The Office of the Comptroller of the Currency has made it clear that national banks are allowed to participate in crypto-asset transactions at the direction of their customers and outsource those services to third parties under suitable risk management controls.

OCC Clarifies Banks’ Permitted Cryptocurrency Custodial Activities

In Interpretive Letter 1184, the OCC clarified that national banks and federal savings associations may engage in the purchase and sale of crypto assets that are held in custody, as long as they do so on a customer’s orders and pursuant to legal agreements. Permissible crypto functions—such as custody and execution—may also be outsourced by these banks to third parties.

This regulation is a followup to earlier OCC letters, namely 1170 and 1183. Interpretive Letter 1170 had earlier laid out the banks’ authority to provide crypto custody, both fiduciary and non-fiduciary, and had classified crypto custody as a new form of equivalent traditional bank custody services that have long been established under banking law.

The OCC made clear that sub-custodian duties could be applied to third parties, as long as third parties adopt stringent internal controls and risk management guidelines.
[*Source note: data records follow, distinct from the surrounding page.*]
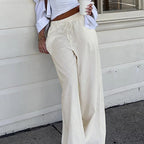 Femme en pantalon large blanc, haut court blanc, tenant un gobelet à café, posant contre un mur extérieur. Mode décontractée, style urbain.
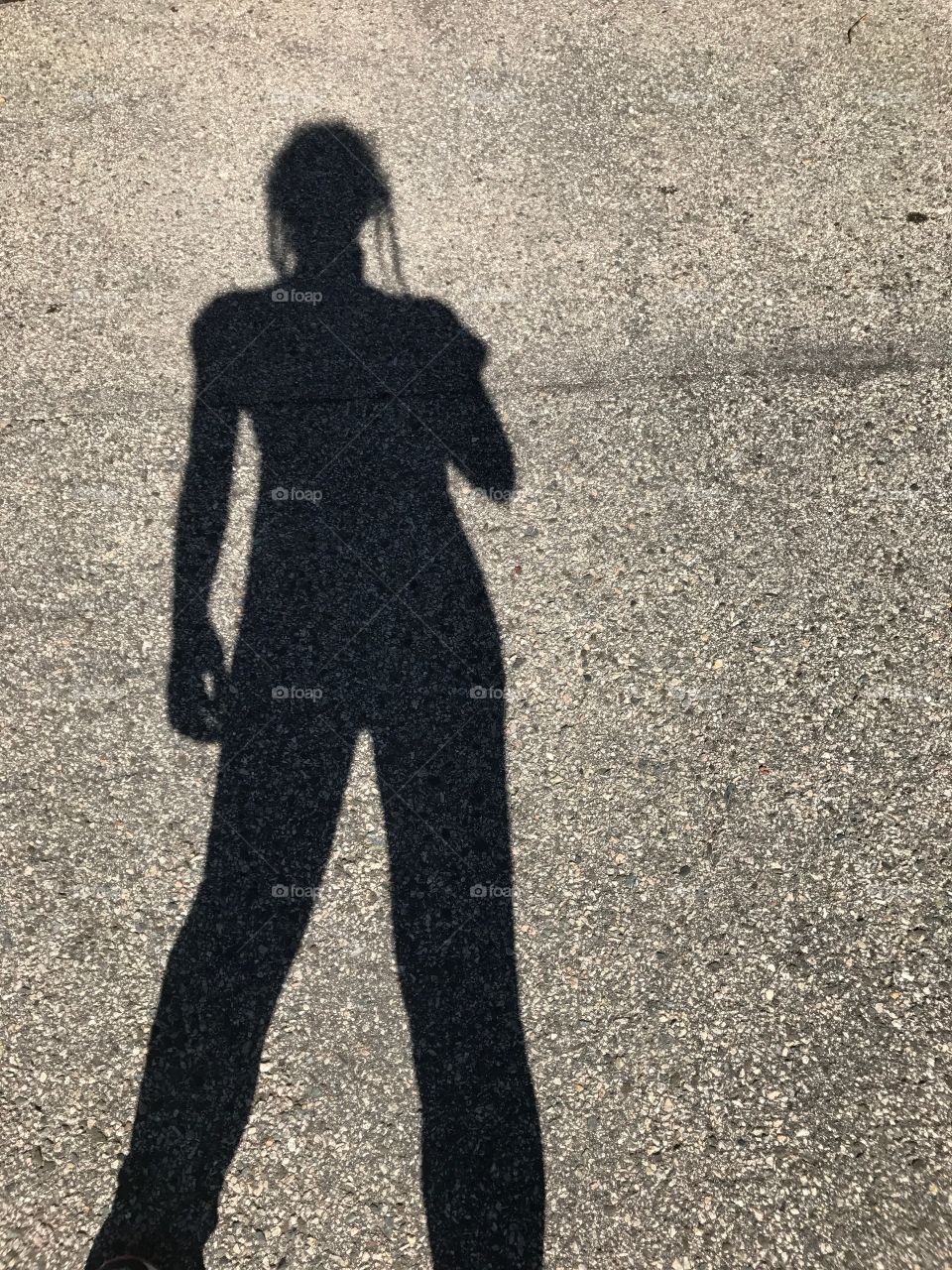 Shadow on blacktop. There’s something so sleek about this long shadow on asphalt. I couldn’t help but take the photo!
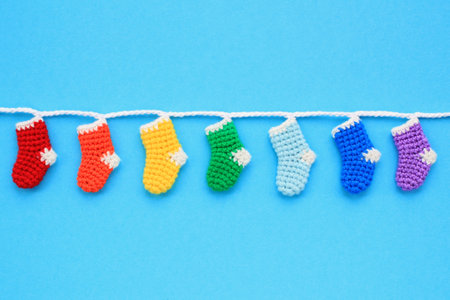 Christmas stockings hanging on blue background. Colorful rainbow socks. Odd socks day mismatch...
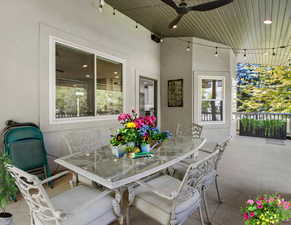 View of patio featuring outdoor dining space and ceiling fan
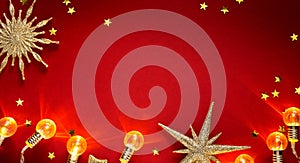 Golden Christmas Tree Decoration And Shiny Holidays Lights On Red Background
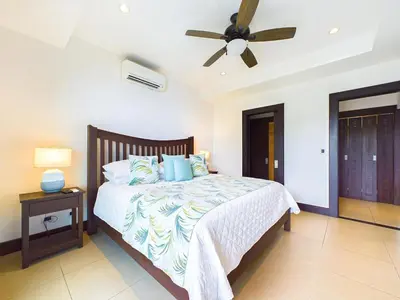 a bedroom with a bed with a ceiling fan at 360 Splendor 307A-Ocean View 2 Br Condo-Breakfast in Playa Flamingo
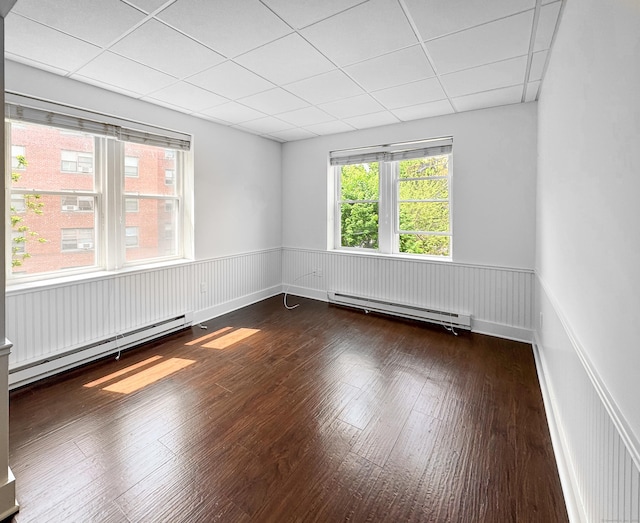 70 Strawberry Hill Ave Unit 5Gr4, Stamford, CT 06902 - unfurnished room with a baseboard heating unit, wainscoting, a paneled ceiling, and dark wood-style flooring
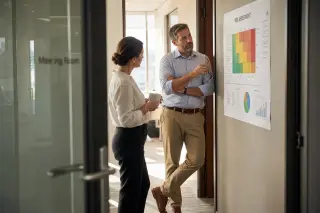 Manager observes technician checking ergonomic station in a calm, sunlit office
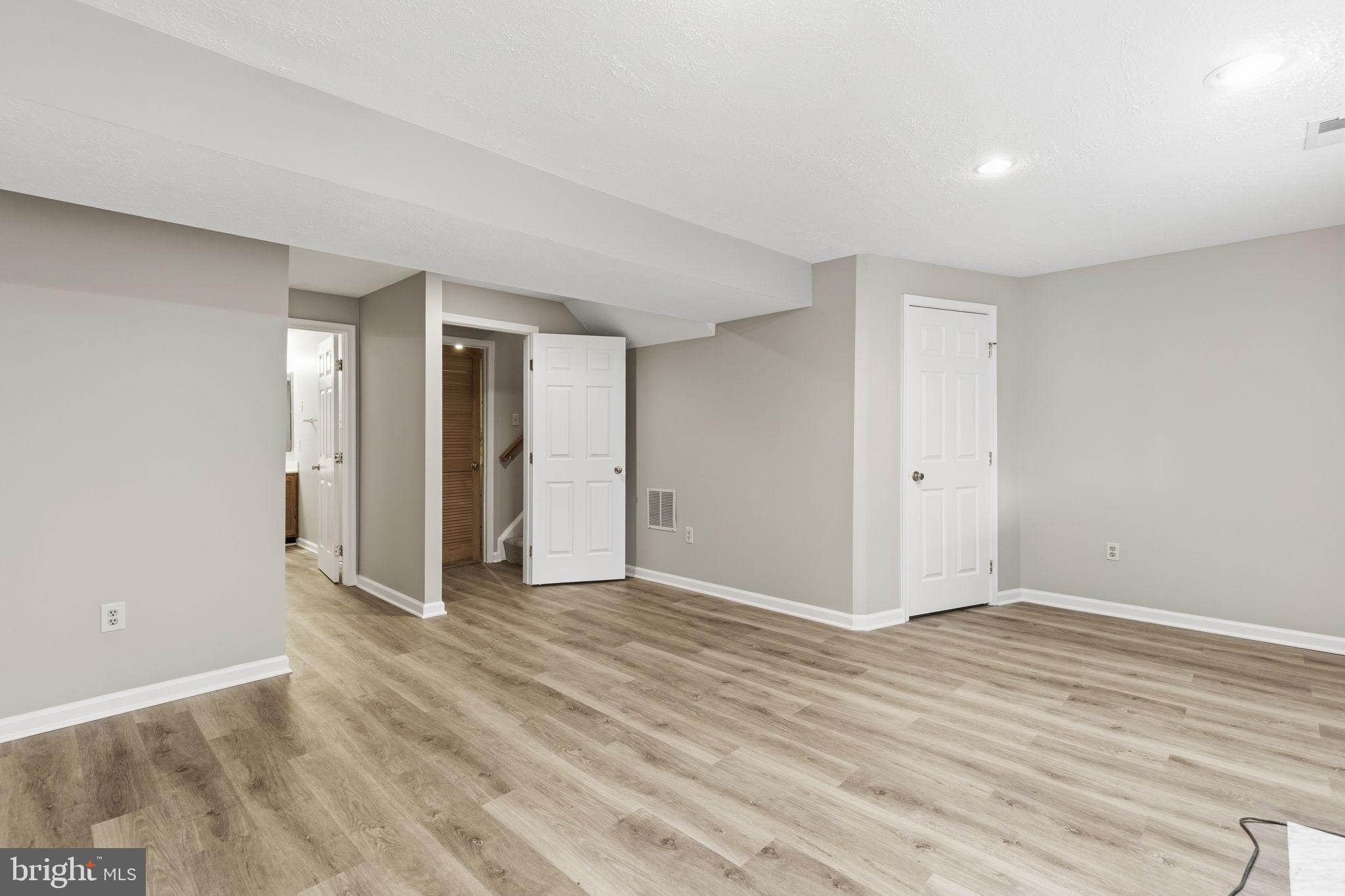 3172 Hidden Ridge Terrace Abingdon, MD 21009 - Photo 23 of 34 a view of an empty room with wooden floor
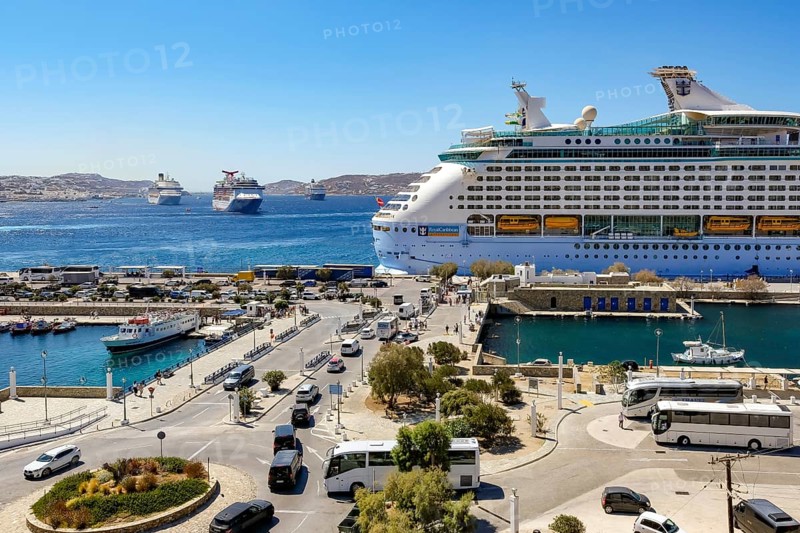 Mykonos, Cyclades, Greece - Mykonos New Port, cruise ship is moored on the quay in the new port in front of the skyline of Mykonos Town. At the back, there are more cruise ships in the bay off Mykonos City with a view of the old town with the windmills. Cruise ships bring tourists to the old town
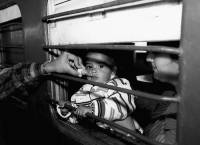 Child being immunized in New Delhi railway station.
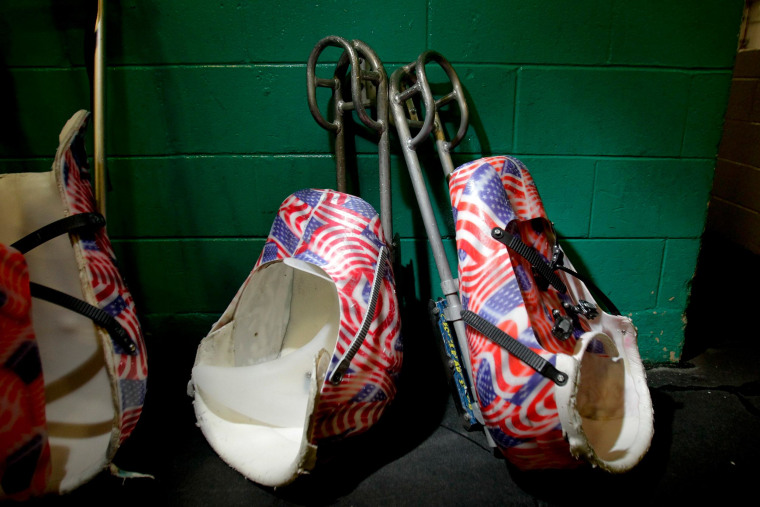 Image: Sleds lean against the wall outside the team's locker room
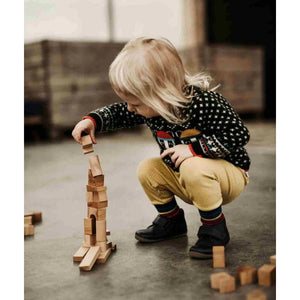 Child stacking natural wood building blocks, European handmade nursery toy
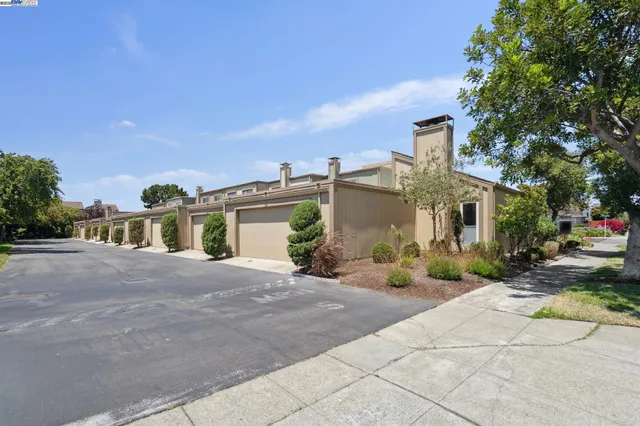 a view of a house with sitting area and garden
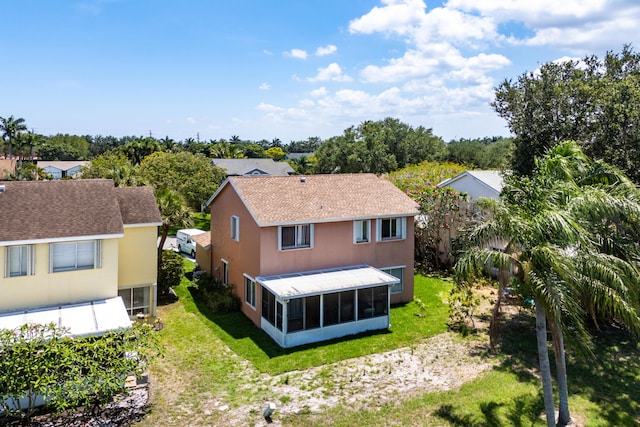 6815 Farragut Ln, Boynton Beach, FL 33437 - back of property featuring a sunroom, a lawn, and stucco siding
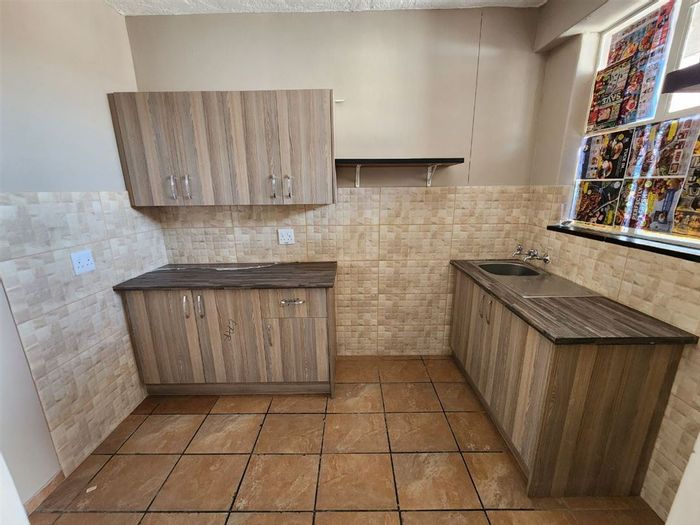 1-Bedroom Apartment For Sale in Kempton Park Central with secure parking and amenities.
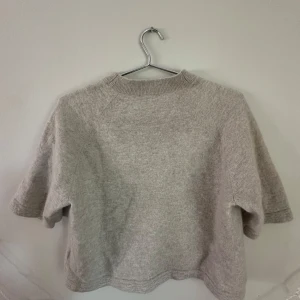 Beige stickad tröja & Other Stories - Supermjuk och stickad beige tröja från & Other Stories med korta ärmar och ribbad halsringning. Perfekt för lager-på-lager och har en avslappnad, boxig passform. Enkel att styla till både jeans och kjol. Storlek XS men kan också funka som S! 💗💗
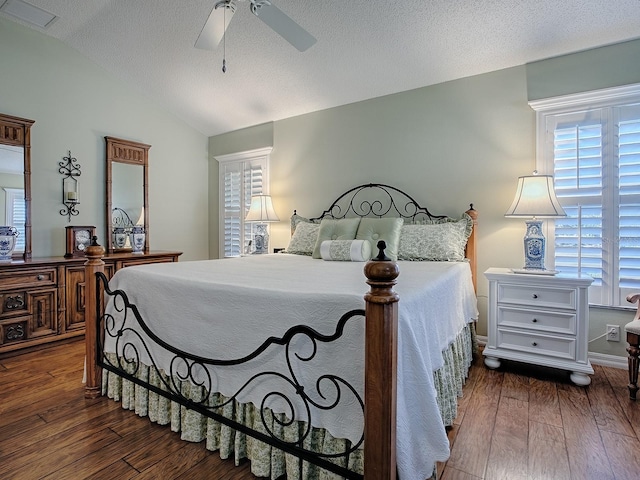 bedroom featuring dark wood-type flooring, ceiling fan, and lofted ceiling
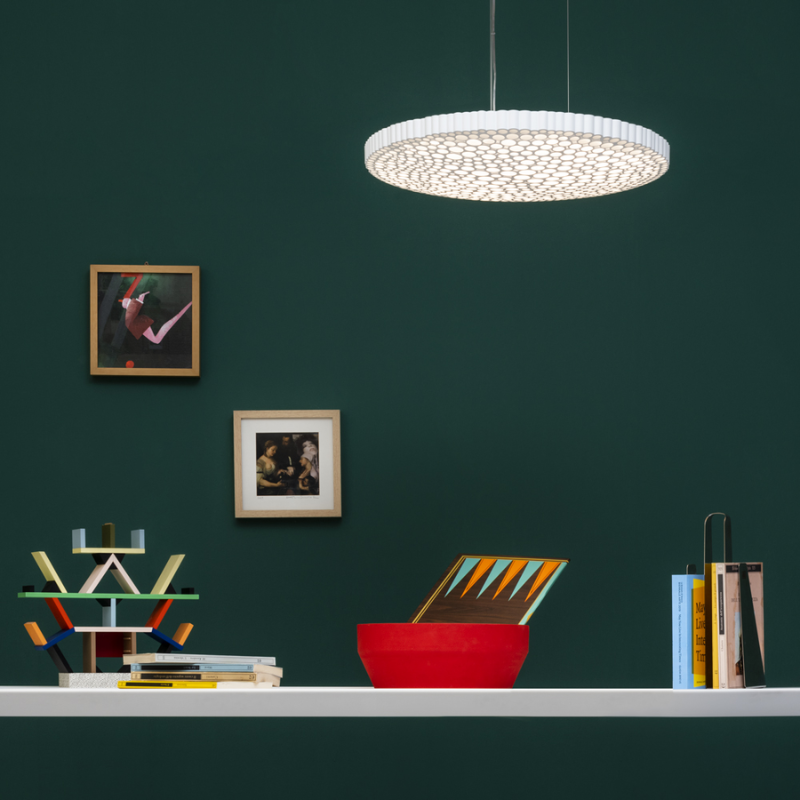 This is the Calipso Suspension pendant light from Artemide in an office space.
Crypto-asset custody services

Large financial institutions have a clear road map under federal bank regulation for crypto-asset custody services that could encompass record-keeping, asset pricing, tax reporting, and settlement of transactions. Fiat and exchange transactions involving crypto exchange and trade execution on behalf of customers may also be facilitated by banks.

Sub-custodians could be hired to provide the services as long as banks guarantee that they work within safe and sound levels, the OCC states. Any third-party arrangement should comprise proper control testing, oversight, and verification of compliance.

This framework allows banks to broaden their services without waiving their regulatory obligations. Banks are still responsible for upholding security and legal standards throughout the asset management cycle, even while using third parties.

Risk Management and Regulatory Compliance Requirements

While outsourcing is permitted, the OCC emphasized the necessity of stringent third-party risk management. Due diligence, evaluation of operating reliability, and regular monitoring of crypto-related activity service providers are required by banks.

When banks serve in a fiduciary capacity when dealing with crypto assets, they are required to comply with specific federal regulations under 12 C.F.R. part 9 or 150. These regulations cover fiduciary activity, standards of investments, and the compliance guidelines for federally regulated institutions.

All crypto-asset custody operations, the OCC restated, are to be carried out with a view to being compatible with national laws and regulations governing banks. This encompasses ensuring adherence to customer agreements and that the overall strategy is safe and legal at each step of the way.